O primeiro-ministro respondeu a Puigdemont também através de carta, explicando que o artigo 155.º "não implica a suspensão do autogoverno, mas a restauração da legalidade na autonomia". Lamentando que o líder catalão não tenha dito "com clareza" se declarara ou não a independência, Rajoy indicou que os apelos ao diálogo "não são credíveis". Tudo porque Puigdemont "recusa falar" com a própria oposição catalã - ainda ontem, Junts pel Sí e Candidatura de Unidade Popular (CUP), que têm a maioria no Parlamento catalão, suspenderam as sessões plenárias previstas para quinta e sexta-feira. Ainda assim, Rajoy lembrou que foi criado um espaço de diálogo no Congresso espanhol.
"Ainda tem margem para responder de forma clara e simples ao pedido que lhe fiz na quarta-feira", indicou Rajoy no final da carta para Puigdemont. "Continua nas suas mãos abrir um novo período de normalidade e lealdade institucional que todo o mundo está a pedir. Caso contrário, será você o único responsável pela aplicação da Constituição", acrescentou. Segundo a TV3 (televisão catalã), Puigdemont não vai responder ao ultimato. Contudo, de acordo com o La Vanguardia, decidirá hoje "se responde e como" durante a reunião semanal com os seus conselheiros.

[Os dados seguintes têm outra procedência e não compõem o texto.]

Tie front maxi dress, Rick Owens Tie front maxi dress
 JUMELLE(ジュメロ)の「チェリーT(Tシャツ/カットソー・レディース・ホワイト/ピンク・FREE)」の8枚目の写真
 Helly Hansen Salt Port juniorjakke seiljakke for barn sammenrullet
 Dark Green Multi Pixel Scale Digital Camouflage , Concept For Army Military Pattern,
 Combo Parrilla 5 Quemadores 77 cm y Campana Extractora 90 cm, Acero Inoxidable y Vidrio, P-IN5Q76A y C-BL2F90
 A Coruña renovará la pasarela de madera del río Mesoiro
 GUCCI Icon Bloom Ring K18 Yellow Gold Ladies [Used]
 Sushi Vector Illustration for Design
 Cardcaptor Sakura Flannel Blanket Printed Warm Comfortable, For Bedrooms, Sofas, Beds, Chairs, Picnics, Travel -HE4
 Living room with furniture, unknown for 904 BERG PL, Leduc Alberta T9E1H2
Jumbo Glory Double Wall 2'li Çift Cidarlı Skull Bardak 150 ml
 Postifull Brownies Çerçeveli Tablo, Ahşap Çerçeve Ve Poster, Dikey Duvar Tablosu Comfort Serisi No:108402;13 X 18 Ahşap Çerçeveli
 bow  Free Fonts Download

O líder do governo espanhol conta com o apoio dos socialistas. "Perguntamo-nos se o senhor Puigdemont deixa outra saída com a sua atitude que não seja a aplicação do artigo 155.º", indicou o porta-voz da comissão executiva do PSOE, Óscar Puente, crítico da missiva do presidente da Generalitat. O secretário--geral socialista, Pedro Sánchez, falou ontem de manhã com Rajoy, após ter conhecimento da resposta de Puigdemont. "O diálogo é fácil e possível, basta que regresse à legalidade, coisa que não fez. Basta ir ao Congresso espanhol e sentar-se na comissão de reforma constitucional para abrir um diálogo", disse Puente. Esta comissão foi proposta pelo PSOE e aceite pelo Partido Popular.
O Podemos, que defende um referendo negociado e legal na Catalunha, acusa PSOE e PP de estarem aliados para aplicar o artigo 155.º, independentemente da resposta de Puigdemont. Já o líder do Ciudadanos, Albert Rivera, que falou ao telefone com Rajoy, é a favor de usar a chamada "bomba atómica". Mas Rivera explicou que o governo ainda não especificou que medidas concretas irá implementar.